We encourage producers to visit the SRAP website and read the bios of the leadership team for themselves.

Disinformation

SRAP’s website lists a host of materials that discredit modern farming practices, even regenerative practices like manure digesters. The public materials it displays rely on discredited or decades-old data, often citing sources like the United Nations' FAO Livestock’s Long Shadow report, which was debunked and eventually retracted for grossly overstating livestock emissions. This selective use of misinformation fuels fear and distrust in rural communities, pitting neighbors against neighbors.

Meanwhile, real science, from experts like Dr. Frank Mitloehner at UC Davis, continues to demonstrate that modern livestock systems are among the most efficient and sustainable in the world, reducing emissions and improving animal welfare through innovation and stewardship.

The SRAP website also hosts an interactive map that it calls the “Right to Harm Action Map.” This map highlights communities and so-called grassroots organizations that oppose Concentrated Animal Feeding Operations (CAFOs).

What Farmers and Communities Can Do

Modern American agriculture is under threat from well-funded activist groups like SRAP using lawsuits, legal actions and misinformation to dismantle the very system that feeds our nation. SRAP and its network of partners are organized, well-funded, and strategic. Agriculture must be the same.

Here’s how farmers, ranchers, and advocates for agriculture can respond:

  1. Stay informed: Understand SRAP’s tactics and educate others and engage before misinformation takes hold in your community.
  2. Engage locally: Build trust and transparency with neighbors. Share facts about your operation’s environmental practices.
  3. Document excellence: Highlight conservation efforts, animal welfare practices, and sustainability measures on your farm.
  4. Collaborate: Support local and national agricultural advocacy organizations that defend private property rights and sound science.
  5. Speak up: Don’t allow activist groups to control the narrative. Farmers and ranchers are the original environmentalists, and their voices must be heard.

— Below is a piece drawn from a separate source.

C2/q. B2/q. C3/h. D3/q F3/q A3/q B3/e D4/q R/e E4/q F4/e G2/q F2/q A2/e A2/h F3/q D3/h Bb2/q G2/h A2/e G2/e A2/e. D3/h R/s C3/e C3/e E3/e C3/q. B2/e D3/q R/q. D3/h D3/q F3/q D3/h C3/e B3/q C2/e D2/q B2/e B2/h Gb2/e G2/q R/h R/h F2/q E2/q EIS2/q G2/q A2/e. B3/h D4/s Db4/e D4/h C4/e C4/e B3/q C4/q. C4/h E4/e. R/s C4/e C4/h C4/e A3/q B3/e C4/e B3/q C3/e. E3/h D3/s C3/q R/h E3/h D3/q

AGPROfessionals’ Commitment

At AGPROfessionals, we stand firmly with America’s farmers, ranchers, and agricultural businesses. We recognize that modern agriculture is the foundation of food security, economic vitality, and environmental stewardship.

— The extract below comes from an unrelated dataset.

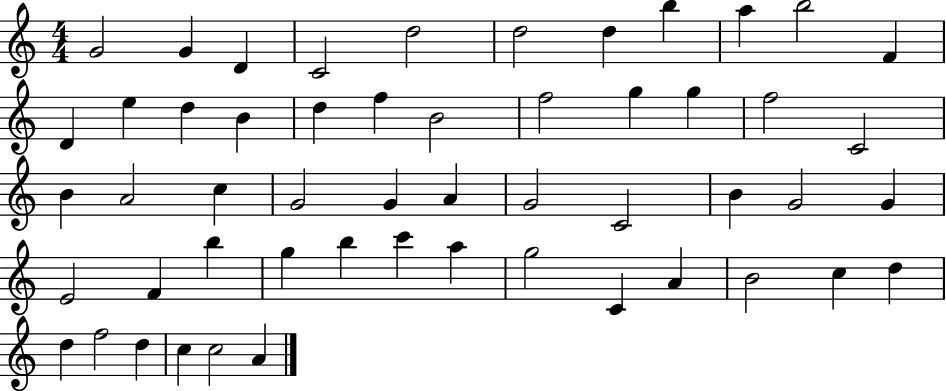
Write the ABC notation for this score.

Groups like SRAP seek to dismantle that foundation through deception, division, and litigation. Together, the agricultural community must protect our right to responsibly raise animals, steward land, and feed the world.

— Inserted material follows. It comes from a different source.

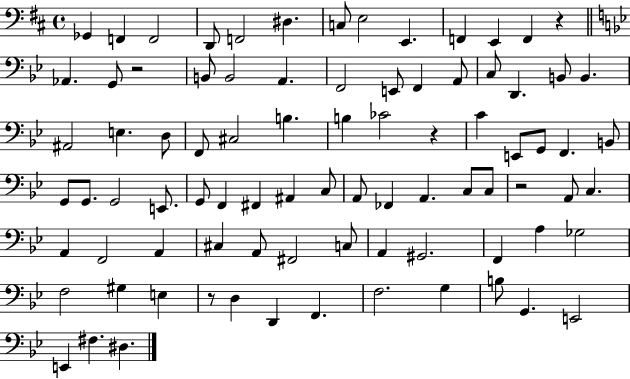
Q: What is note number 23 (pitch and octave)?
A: D2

Because when agriculture is strong, America is strong.

About the Colorado Livestock Association Annual Meeting:

The annual meeting between the staff of the Colorado Department of Public Health and the Environment (CDPHE), the Environmental Ag Program, and members of the Colorado Livestock Association took place on October 21st. AGPROfessionals is proud to have a seat at this table.

In 2005, CLA members played a key role in establishing the Environmental Ag Program to oversee air and water quality protection regulations specific to animal feeding operations. This includes issuing permits, conducting site inspections, developing and implementing policies and regulations, providing technical assistance, and initiating enforcement actions in coordination with the Air and Water Quality Control Divisions.